To the Lawyer: You Hold the Key To a Successful Mediation
Whether you represent the plaintiff or the defendant, your preparation, and your preparation of the decision makers on your side, will go a long way toward determining the success of the mediation effort. The mediation process will challenge the parties to review and re-evaluate the available information about the case. The more information is available, the more meaningful that re-evaluation will be. And here’s the very important point: if you want your opponent’s evaluation to resemble yours, your data needs to be shared with him well before the mediation to allow his full appreciation of the strengths and weaknesses on both sides. Experienced trial lawyers know this: it’s usually self-defeating to successful, mediated resolution of a case (or to success at trial, for that matter) to try to either ignore or hide information. You wouldn’t dream of showing up unprepared on the first morning of trial; if you want to “succeed” at mediation you have to be prepared, as well.
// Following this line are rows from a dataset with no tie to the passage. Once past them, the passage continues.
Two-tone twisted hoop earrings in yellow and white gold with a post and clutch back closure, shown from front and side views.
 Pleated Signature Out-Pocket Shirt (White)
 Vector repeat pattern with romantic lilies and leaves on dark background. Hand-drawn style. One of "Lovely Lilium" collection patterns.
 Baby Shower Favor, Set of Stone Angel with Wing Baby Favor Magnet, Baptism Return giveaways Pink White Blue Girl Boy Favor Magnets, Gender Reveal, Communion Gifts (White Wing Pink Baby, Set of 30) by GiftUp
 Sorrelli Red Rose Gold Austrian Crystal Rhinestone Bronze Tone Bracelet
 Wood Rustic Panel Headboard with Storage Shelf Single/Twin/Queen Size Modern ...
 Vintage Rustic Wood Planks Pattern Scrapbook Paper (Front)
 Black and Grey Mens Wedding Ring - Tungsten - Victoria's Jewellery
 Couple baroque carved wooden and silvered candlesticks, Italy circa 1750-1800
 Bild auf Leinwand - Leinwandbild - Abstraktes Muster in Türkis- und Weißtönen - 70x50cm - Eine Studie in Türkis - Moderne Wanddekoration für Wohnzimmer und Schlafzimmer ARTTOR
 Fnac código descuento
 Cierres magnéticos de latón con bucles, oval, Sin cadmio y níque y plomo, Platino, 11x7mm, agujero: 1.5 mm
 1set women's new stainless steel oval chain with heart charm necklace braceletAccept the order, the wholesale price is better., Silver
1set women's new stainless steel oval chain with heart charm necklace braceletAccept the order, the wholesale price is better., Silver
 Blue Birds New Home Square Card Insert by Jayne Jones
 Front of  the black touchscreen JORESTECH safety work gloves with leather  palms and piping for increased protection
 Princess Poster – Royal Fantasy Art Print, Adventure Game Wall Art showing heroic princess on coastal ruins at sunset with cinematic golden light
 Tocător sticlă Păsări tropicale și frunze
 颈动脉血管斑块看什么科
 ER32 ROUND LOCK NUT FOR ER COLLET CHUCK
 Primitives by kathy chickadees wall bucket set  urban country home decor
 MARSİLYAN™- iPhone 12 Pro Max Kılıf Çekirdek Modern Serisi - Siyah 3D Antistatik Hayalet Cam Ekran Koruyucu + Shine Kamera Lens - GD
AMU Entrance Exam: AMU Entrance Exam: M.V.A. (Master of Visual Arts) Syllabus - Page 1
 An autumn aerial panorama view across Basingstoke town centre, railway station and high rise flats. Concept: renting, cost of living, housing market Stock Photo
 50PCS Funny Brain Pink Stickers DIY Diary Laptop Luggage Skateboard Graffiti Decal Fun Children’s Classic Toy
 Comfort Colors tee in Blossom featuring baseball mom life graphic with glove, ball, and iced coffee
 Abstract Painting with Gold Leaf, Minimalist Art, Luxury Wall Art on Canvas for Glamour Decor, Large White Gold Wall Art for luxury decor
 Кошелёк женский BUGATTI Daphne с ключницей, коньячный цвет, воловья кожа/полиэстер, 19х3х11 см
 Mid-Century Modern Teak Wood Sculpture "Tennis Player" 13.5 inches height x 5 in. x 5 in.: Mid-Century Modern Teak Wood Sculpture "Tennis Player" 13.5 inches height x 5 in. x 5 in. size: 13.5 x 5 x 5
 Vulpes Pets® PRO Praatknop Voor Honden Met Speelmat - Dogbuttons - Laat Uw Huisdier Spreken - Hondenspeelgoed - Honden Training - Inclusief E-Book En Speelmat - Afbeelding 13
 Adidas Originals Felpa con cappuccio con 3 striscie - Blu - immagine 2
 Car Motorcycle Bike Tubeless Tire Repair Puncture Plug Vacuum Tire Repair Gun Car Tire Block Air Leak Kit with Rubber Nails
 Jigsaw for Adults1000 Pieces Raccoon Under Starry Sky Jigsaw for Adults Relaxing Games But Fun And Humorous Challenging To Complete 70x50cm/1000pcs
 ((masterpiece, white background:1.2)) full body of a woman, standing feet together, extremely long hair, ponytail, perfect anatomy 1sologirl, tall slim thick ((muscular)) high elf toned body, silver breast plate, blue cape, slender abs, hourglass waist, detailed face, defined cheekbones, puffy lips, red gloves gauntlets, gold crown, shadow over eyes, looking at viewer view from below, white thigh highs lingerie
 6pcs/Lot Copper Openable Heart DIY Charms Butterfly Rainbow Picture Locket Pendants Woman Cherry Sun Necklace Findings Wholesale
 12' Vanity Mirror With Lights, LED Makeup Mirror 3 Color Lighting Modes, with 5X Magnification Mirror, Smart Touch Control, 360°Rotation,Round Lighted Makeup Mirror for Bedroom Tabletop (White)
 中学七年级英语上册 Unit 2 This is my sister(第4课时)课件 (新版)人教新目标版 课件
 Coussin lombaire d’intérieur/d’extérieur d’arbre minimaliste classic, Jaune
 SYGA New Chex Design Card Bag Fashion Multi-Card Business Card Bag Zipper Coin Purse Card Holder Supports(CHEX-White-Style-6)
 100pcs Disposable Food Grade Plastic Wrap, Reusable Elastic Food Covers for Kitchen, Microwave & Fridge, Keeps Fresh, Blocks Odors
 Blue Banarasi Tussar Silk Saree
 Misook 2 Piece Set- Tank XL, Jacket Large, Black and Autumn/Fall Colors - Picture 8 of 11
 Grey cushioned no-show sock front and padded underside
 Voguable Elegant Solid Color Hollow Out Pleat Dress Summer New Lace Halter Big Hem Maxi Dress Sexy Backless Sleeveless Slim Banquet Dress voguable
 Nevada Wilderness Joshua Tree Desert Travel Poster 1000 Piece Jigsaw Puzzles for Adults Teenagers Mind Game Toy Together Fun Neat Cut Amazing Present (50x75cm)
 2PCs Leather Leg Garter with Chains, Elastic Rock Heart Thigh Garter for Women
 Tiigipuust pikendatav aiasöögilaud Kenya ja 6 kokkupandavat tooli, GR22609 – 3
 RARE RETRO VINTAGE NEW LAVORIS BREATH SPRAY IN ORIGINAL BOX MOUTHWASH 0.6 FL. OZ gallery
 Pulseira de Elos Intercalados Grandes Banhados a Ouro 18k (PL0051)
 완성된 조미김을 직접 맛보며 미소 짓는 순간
So, what does that mean for mediation?
- the client, or claims professional must know what to expect from the process;
- you need to know your case, both upsides and downsides;
- be prepared to acknowledge and discuss weaknesses, as you perceive them;
- arm your mediator with your strengths, to use in the other room;
- forewarn your opponent with important information re claims and liability;
- obtain all information about collateral sources and subrogation claims;
- prepare the decision-maker to focus productively, rather than posture;
- make sure all decision makers, including subrogors, are at the table.